How to make up for poor customer service Source: Forbes

How To Say Sorry To Your Clients: Lessons in Customer Service Conflict Resolution

Everyone has a bad day sometimes. I recently took my car in for service to a dealership that has served me well for many years. As usual, I dropped off my car, handed over my keys, and was given a clean and new loaner car to drive. The trusty service consultant told me to expect a call from him later in the day. He had told me given the nature of the problems I had discussed with him over the phone, I might want to anticipate a few days. The expectation had been set, but soon enough things would start to go south.

A few hours passed, and I was told to keep the loaner for the day as some parts were needed. He had set my expectations, so I was not surprised. The next day I received a call indicating there were some considerable problems with the car and the ignition needed to be replaced. I was very surprised given the car is only two years old. The service consultant outlined the issues and gave me a fair quote for the items not covered under the warranty. He indicated that they were having some issues resolving a problem and that he would keep me updated.

Towards the end of the day he got back in touch to tell me the part they had received was defective and they’d be ordering another one. I was pretty surprised and starting to get frustrated. The next day, I received an email that the car was ready. But I arrived at the dealership and was handed an invoice for double what I was expecting. They had forgotten to inform me about the cost of the original service. Since the car had so many issues to document when it was dropped off, this had slipped.
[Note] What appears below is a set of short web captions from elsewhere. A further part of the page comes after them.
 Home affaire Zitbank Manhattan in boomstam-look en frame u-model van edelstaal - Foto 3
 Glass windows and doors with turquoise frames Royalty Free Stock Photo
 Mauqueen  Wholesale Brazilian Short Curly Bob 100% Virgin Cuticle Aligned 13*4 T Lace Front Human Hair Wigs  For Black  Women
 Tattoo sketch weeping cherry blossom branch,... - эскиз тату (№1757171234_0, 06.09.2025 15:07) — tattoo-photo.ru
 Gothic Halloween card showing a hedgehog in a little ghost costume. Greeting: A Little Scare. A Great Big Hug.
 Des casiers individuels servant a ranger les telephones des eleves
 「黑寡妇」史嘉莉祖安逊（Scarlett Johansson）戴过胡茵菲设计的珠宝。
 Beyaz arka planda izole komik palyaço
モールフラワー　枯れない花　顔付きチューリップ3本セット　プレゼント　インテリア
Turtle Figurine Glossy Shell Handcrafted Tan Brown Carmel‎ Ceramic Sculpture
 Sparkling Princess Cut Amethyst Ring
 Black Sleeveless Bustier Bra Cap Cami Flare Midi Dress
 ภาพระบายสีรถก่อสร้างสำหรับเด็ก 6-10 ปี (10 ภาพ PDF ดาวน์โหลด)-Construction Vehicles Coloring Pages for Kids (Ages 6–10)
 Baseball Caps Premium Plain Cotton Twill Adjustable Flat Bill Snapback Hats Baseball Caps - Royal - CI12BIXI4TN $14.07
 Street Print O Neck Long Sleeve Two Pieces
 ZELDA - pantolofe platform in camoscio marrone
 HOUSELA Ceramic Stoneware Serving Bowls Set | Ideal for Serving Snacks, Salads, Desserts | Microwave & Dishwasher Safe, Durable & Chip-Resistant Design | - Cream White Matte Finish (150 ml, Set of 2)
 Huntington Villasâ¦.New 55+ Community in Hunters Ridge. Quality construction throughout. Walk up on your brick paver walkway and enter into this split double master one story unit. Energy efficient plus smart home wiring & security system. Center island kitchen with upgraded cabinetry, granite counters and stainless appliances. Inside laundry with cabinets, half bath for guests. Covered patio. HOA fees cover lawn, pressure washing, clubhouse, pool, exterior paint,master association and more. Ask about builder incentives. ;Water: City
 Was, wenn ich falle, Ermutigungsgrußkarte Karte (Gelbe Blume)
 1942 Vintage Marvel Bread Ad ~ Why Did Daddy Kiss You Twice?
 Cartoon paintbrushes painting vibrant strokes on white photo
check engine lightTo add insult to injury, the mechanic had performed an alignment that they hadn’t gotten permission from me for. However, the service consultant recognized my long personal relationship with him, and the dealer immediately gave me a significant discount. He made sure to apologize and spent several minutes speaking with me since he knew I was not happy.

While I finished up at the cashier, the Service Consultant made sure my car was cleaned and ready for me to go. As I walked to my car, he thanked me for my business, and I slid into the seat.

The car wouldn’t start and flashed an ominous message “Service Required.” Before I could say or do anything the service consultant was at my side. He profusely apologized and made sure the loaner car I returned was given back to me. He promised to get to the bottom of this, and said he’d have my car dropped off at my house when it was done.

The next day I received a phone call and an apology from him. He took the time to explain it was a miscommunication between him and the mechanic and discuss the steps being taken to ensure they got it right this time.

3 Customer Service Conflict Resolution Tips

Normally, most customers wouldn’t return to a dealership that made this many mistakes, but I will and here’s why:

  1. Constant Communication: Throughout the process, I was kept informed of how things were going. Even after things started to go wrong, I was updated with what the problem was and how they planned to fix it.
  2. Strong Relationship with My Service Adviser: I have known him for years, even when he switched dealerships, I started going to his new one because he had consistently surpassed my expectations. I see him more as a trusted adviser who would always tell me the truth.
  3. The Service Adviser took Responsibility and had an Action Plan to Remedy the Situation: The service adviser didn’t hesitate to offer a discount, apologize, and make sure I wasn’t inconvenienced any further by ensuring my car would be dropped off at my house when ready.

Mistakes happen, and in any relationship, it’s how the mistakes get handled that matters. The service adviser did an outstanding job of handling the situation, and that’s why I will be back.